Ce qui est apprécié aussi est la sensation de ne pas être victime de racisme. […] Ils ont même l’impression qu’il y a une forme d’envie d’une partie de la société algérienne, qui les considère comme plus riches
Mais pour la majorité, les vacances sont plutôt synonymes de détente, avec des virées à la plage, des invitations à des mariages… Alors oui, le profil sociologique des descendants d’immigrés a une influence sur la manière dont ils perçoivent leurs vacances en Algérie.
Ceux qui se trouvent dans une quête mémorielle sont plutôt des individus qui ont fait des études supérieures et font partie des classes moyennes et supérieures. Ils ont l’impression à travers leur trajectoire d’être décalés par rapport à leurs origines sociales et nationales.
Le milieu social détermine aussi la façon dont les vacanciers passent leur séjour en Algérie, leurs préférences en matière de loisirs par exemple.
MEE : Comment se passe la cohabitation des vacanciers avec les locaux, dans le cercle familial en particulier ?
JB : La plupart des descendants d’immigrés qui retournent en Algérie à l’âge adulte logent dans des maisons construites par leurs parents. Ils se confrontent dans la famille à des milieux plutôt ruraux ou de petites villes, modestes ou de classes moyenne.
Le contraste est en revanche saisissant dans les sites touristiques. Dans ces lieux accessibles aux classes supérieures algériennes, les fêtards sont plutôt vus comme bruyants et vulgaires.
MEE : On imagine cependant qu’ils se sentent davantage valorisés en accédant à des loisirs plus chers en France et à des lieux comme les discothèques où ils sont parfois ostracisés ?
JB : Les jeunes apprécient évidemment la facilité d’accès d’abord économique. Une journée de jet ski coûte beaucoup moins cher qu’en France.
Ce qui est apprécié aussi en effet est la sensation de ne pas être victime de racisme. Ils peuvent arriver en boîte de nuit en claquettes et ne sont pas refoulés par les vigiles. Ils ont même l’impression qu’il y a une forme d’envie d’une partie de la société algérienne, qui les considère comme plus riches. Dans un sens, les vacances au bled sont un moyen d’échapper aux assignations sociales subies en France.
MEE : L’Algérie reste-t-elle une destination privilégiée pour les descendants d’immigrés qui ont désormais l’opportunité de multiplier leurs destinations de vacances ?
JB : Les descendants d’immigrés ne vont pas qu’en Algérie. Ils ont aussi envie de découvrir d’autres pays. Mais les séjours en Algérie, plus peut-être que le Maroc ou la Tunisie, restent encore rattachés aux questions d’entretien du lien familial.
Pour les jeunes, il s’agit aussi de retrouver tous les copains de France, qui partent au même moment en Algérie. À Sétif, où j’ai enquêté, des jeunes de Lyon, de Lille et de Paris étaient contents de pouvoir se revoir le temps des vacances.

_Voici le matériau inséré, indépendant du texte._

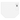 sec_5_2S400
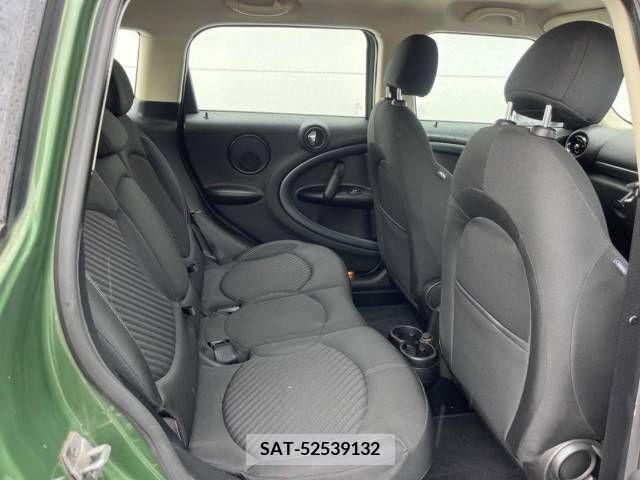 Bmw MINI 2015-10 319984-8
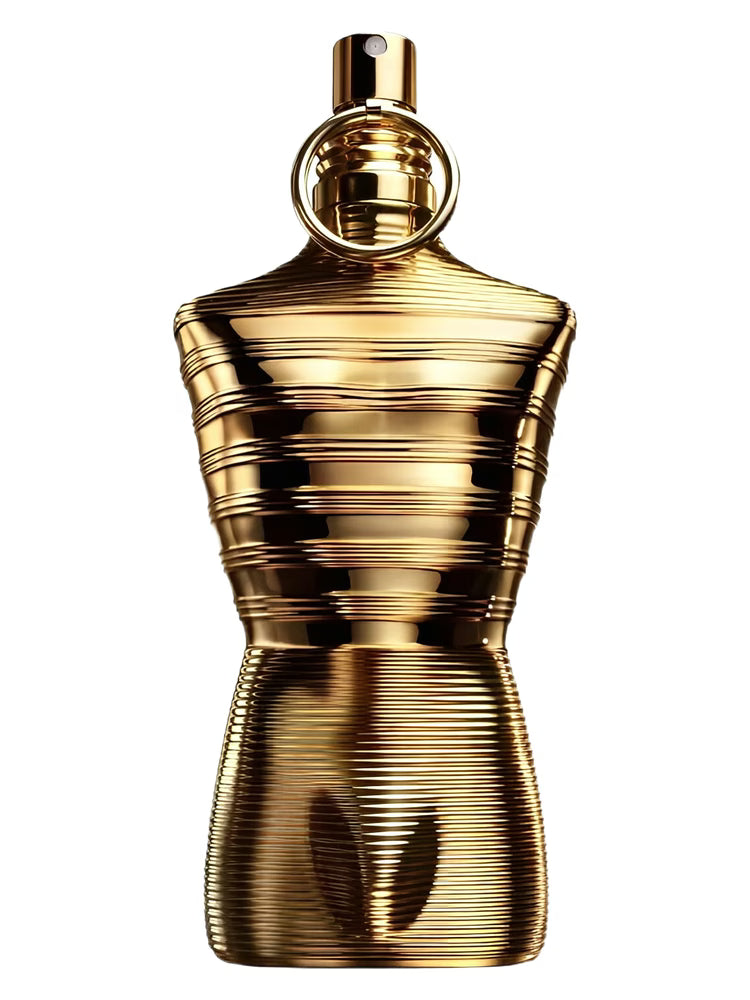 JPG LEMALE ELIXIR ABSOLU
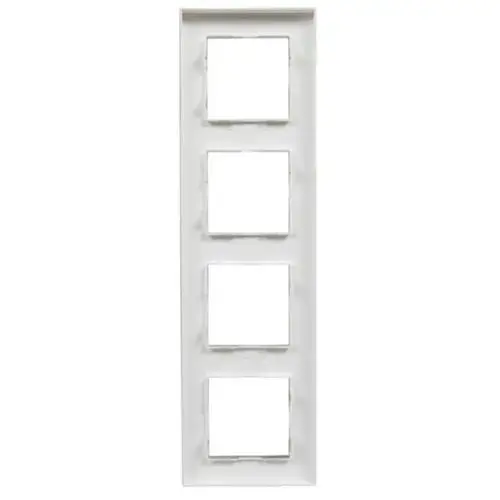 Legrand 863894 накладка для выключателя Photo 4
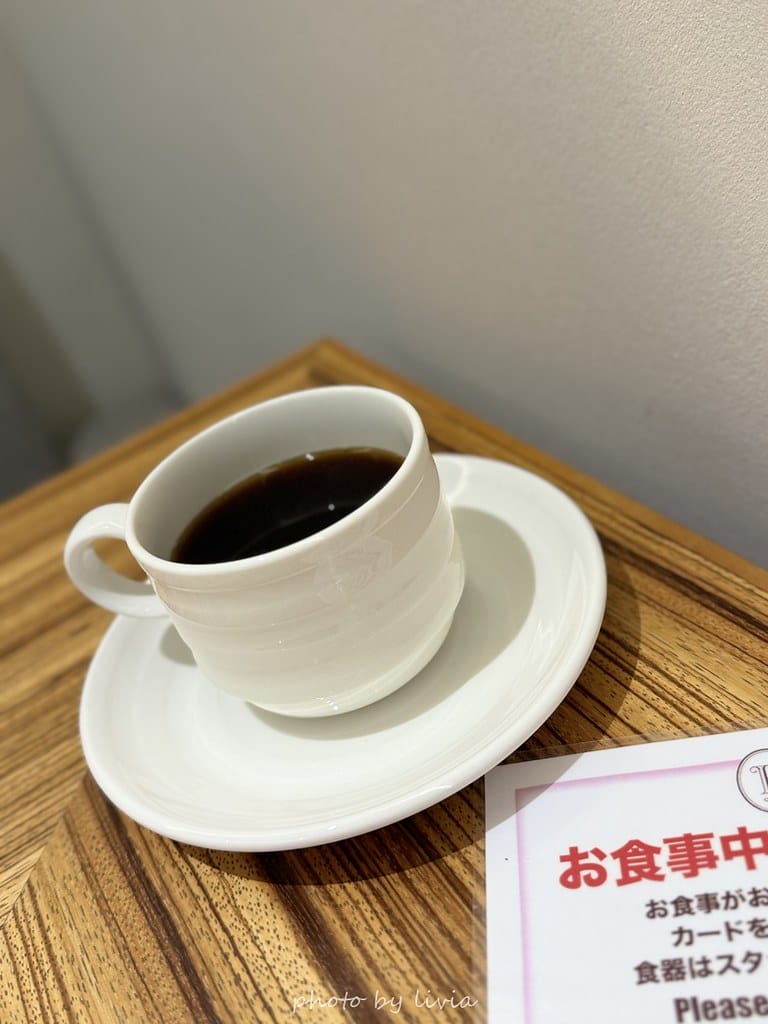 淺草雷門住宿 // 飯店樓下就是公園!格拉斯麗淺草飯店 Ho 格拉斯麗淺草飯店 (195)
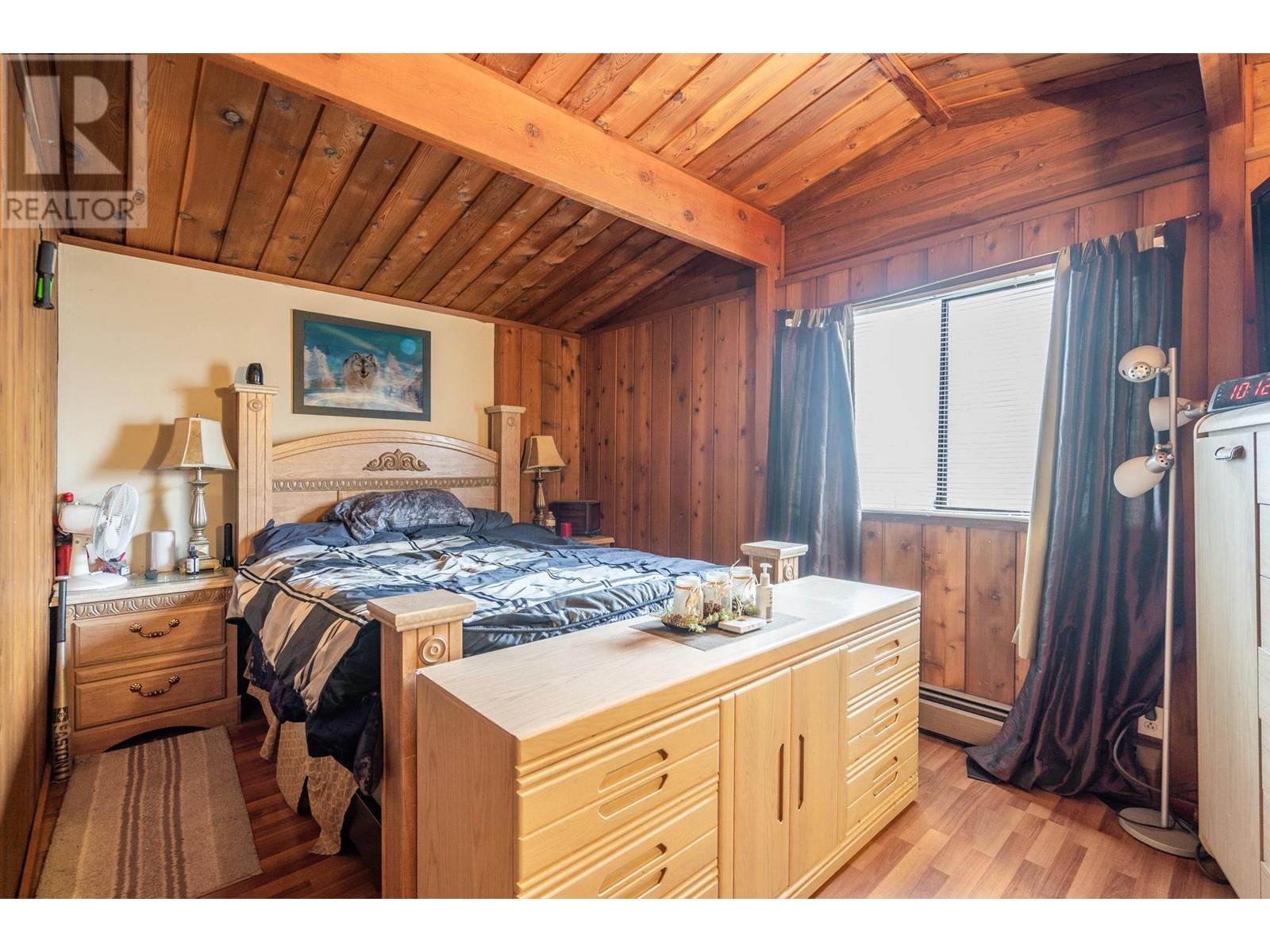 22762 Gilley Avenue, Maple Ridge, British Columbia  V2X 2G2 - Photo 16 - R2846991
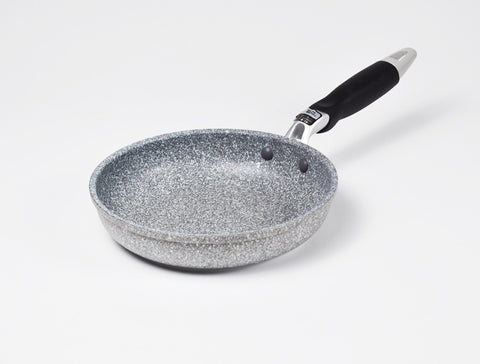 Maifan Stone Non-Stick Pan Set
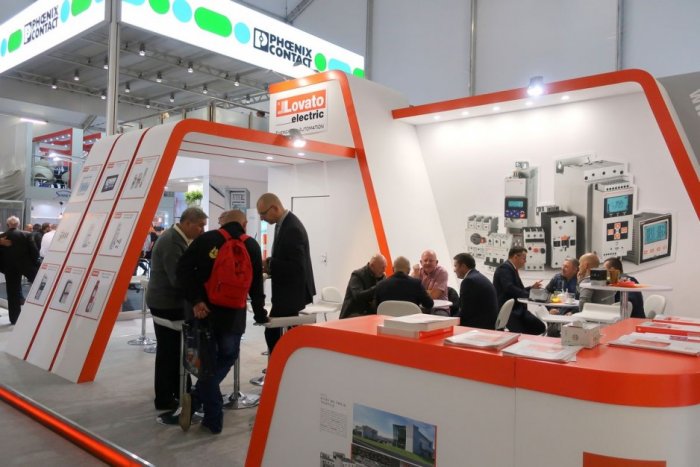 b energetab 2019 fot13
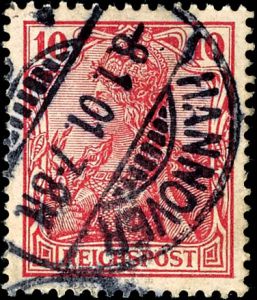 Lot 2678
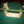 Load image into Gallery viewer, "Sig" rod wrapping jig - Proof Fly Fishing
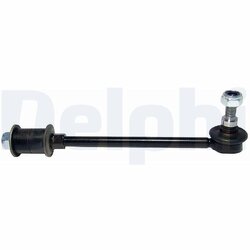 Stabiliser Drop Link (coupling Rod) DELPHI TC1588 OE Ref 562600F001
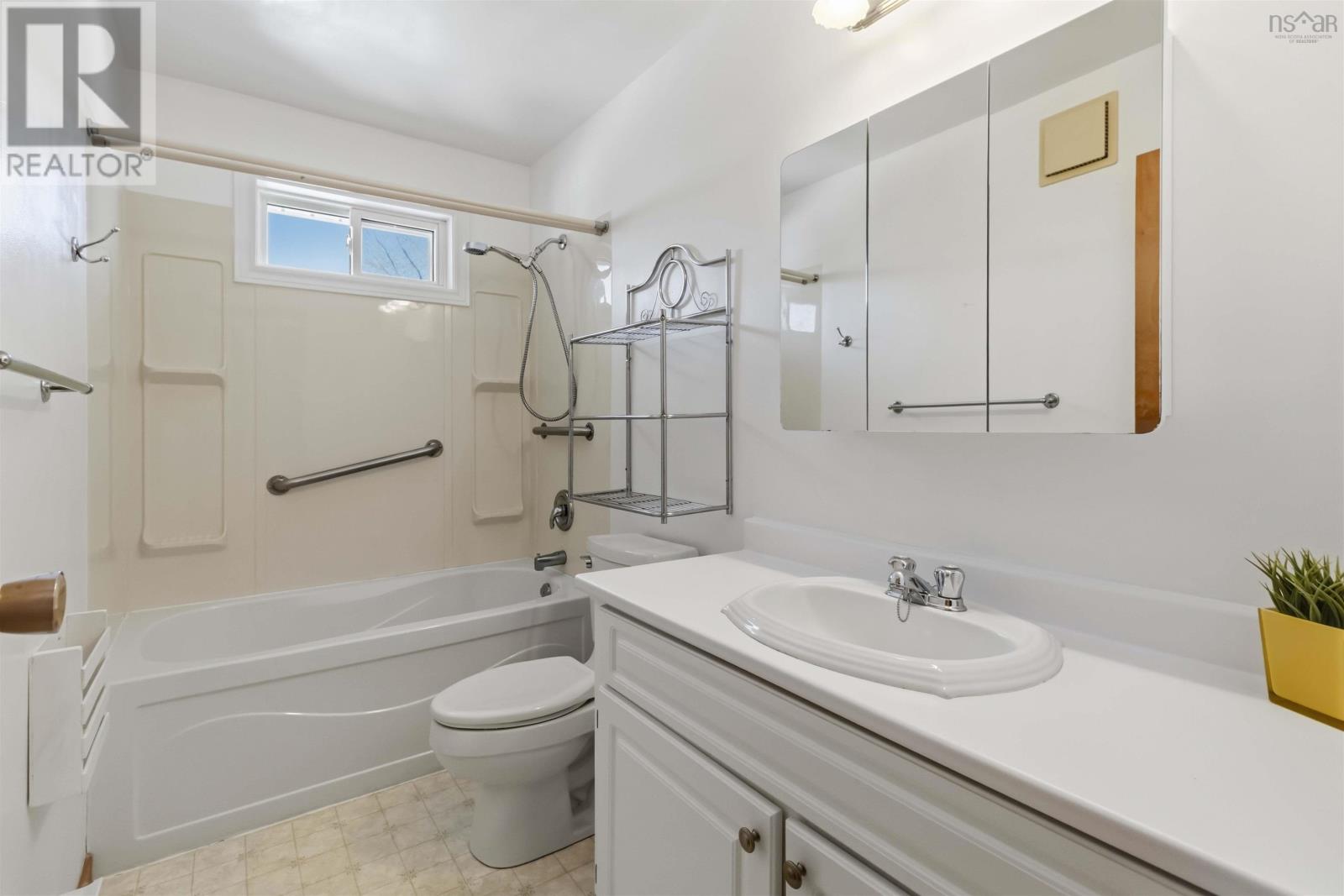 Property 27 of 35 of 13 Langdon Drive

MEE : Les vacances se déroulent-elles différemment selon qu’on soit un homme ou une femme ?
JB : L’idée de la différenciation de genre a beaucoup pesé dans mon enquête parce qu’on associe beaucoup aux pays majoritairement musulmans une image plus dégradée de la femme que dans les pays occidentaux.
Donc évidemment, les vacances ne se passent pas de la même manière pour les hommes et pour les femmes. Mais cela ne s’opère pas de façon binaire. Cela ne sous-entend pas que les hommes sont libres de sortir et d’aller faire du jet ski, alors que les femmes doivent rester enfermées dans la maison familiale.
Tout dépend en fait de la différenciation des goûts et des valeurs. Les filles peuvent avoir les mêmes pratiques que les garçons mais doivent s’organiser autrement et négocier avec leurs familles leur mobilité dans l’espace public. Certaines iront beaucoup plus dans des plages privées où les maillots de bain sont plus tolérés par exemple.